- ASSIGNMENT -
Records follow. Print exactly the lines from the one that has "Il paradosso dell'arciere: Oltre" through the one that has "I Became His Sweetheart Novel", inclusive, and omit the pictures.

Data entries
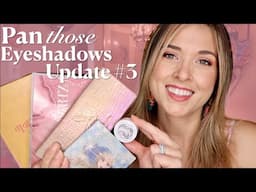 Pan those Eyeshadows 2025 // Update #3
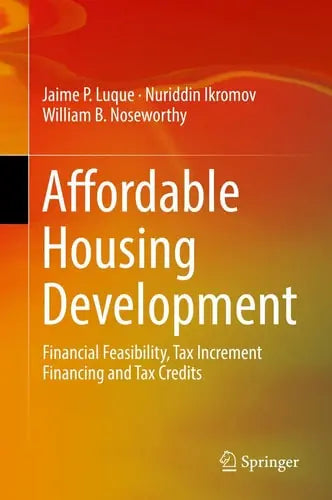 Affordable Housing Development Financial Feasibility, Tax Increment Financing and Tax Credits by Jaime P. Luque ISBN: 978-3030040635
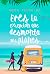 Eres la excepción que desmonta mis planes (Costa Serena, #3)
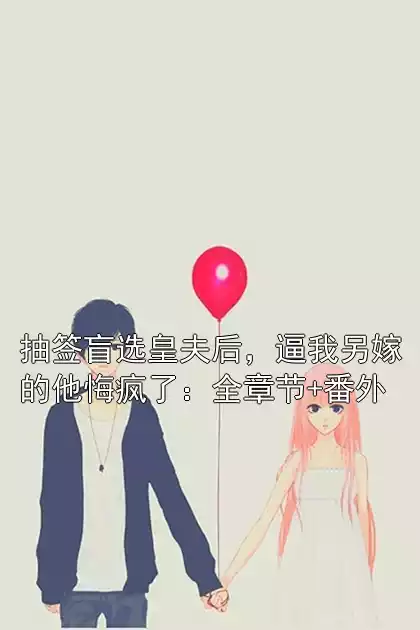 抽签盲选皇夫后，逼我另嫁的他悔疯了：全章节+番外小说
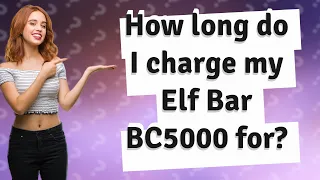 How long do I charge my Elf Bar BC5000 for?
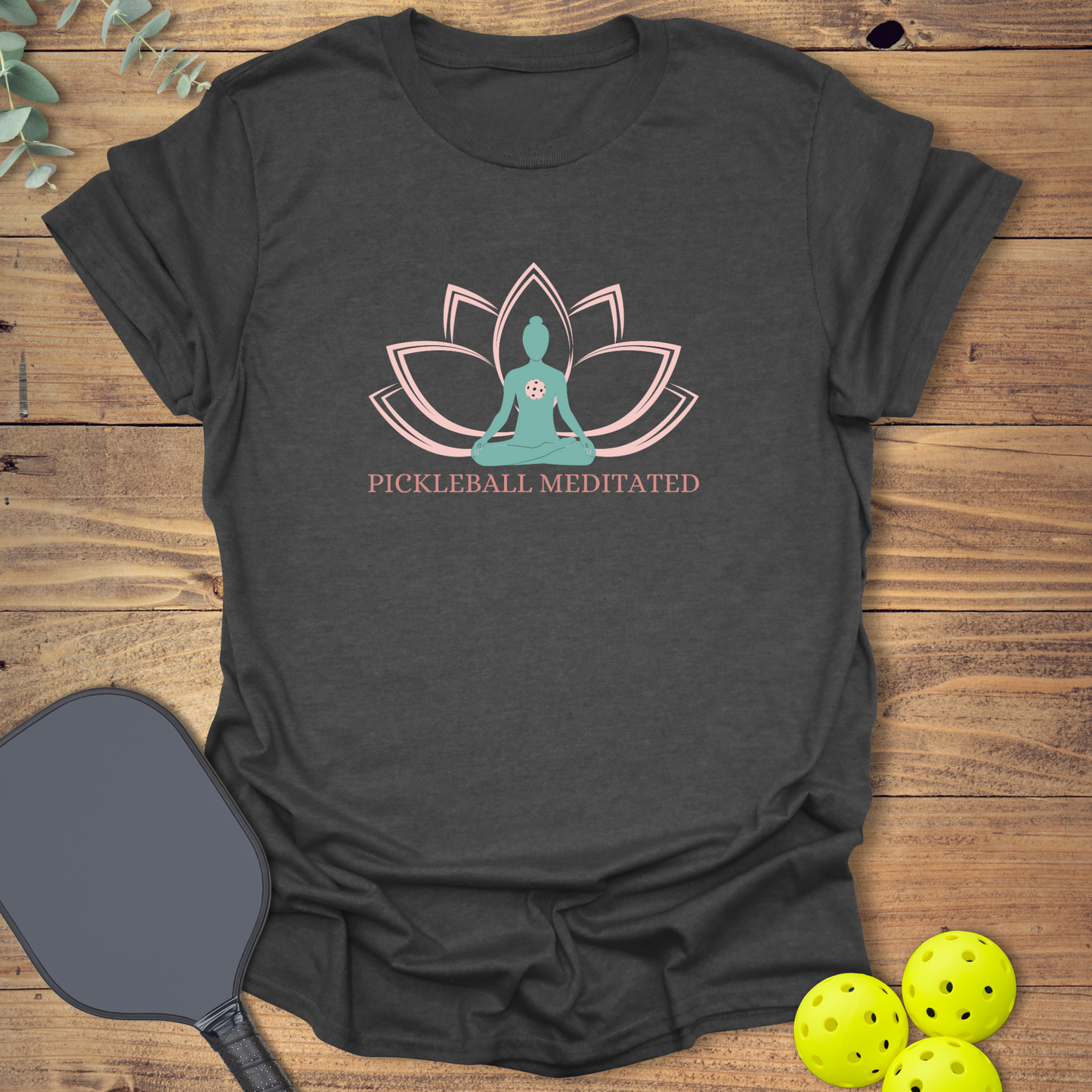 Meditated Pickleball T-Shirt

* * *

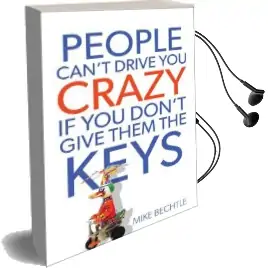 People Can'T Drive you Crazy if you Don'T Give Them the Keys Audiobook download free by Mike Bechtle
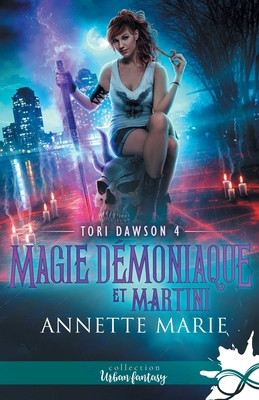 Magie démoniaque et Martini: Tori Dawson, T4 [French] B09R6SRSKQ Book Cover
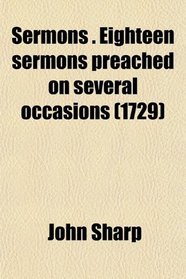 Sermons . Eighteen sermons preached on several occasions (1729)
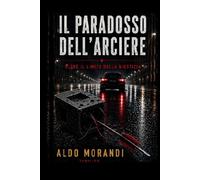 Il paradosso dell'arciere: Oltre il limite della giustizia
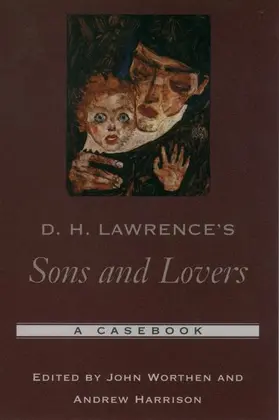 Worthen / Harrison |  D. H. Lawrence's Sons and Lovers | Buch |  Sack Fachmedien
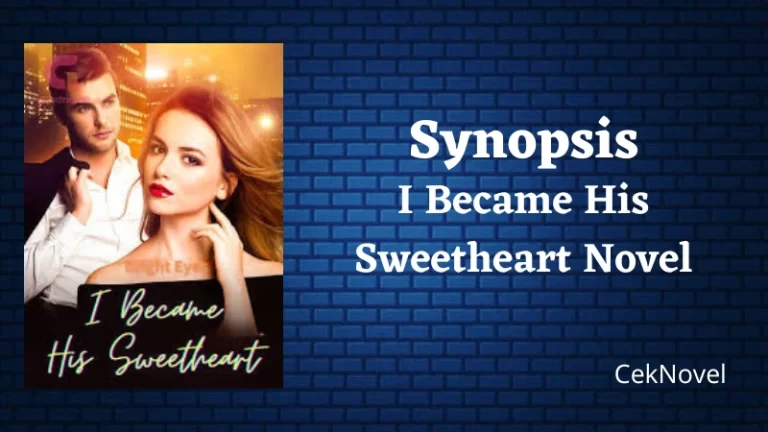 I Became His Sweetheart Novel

- TASK OUTPUT -
 Il paradosso dell'arciere: Oltre il limite della giustizia
 Worthen / Harrison |  D. H. Lawrence's Sons and Lovers | Buch |  Sack Fachmedien
 I Became His Sweetheart Novel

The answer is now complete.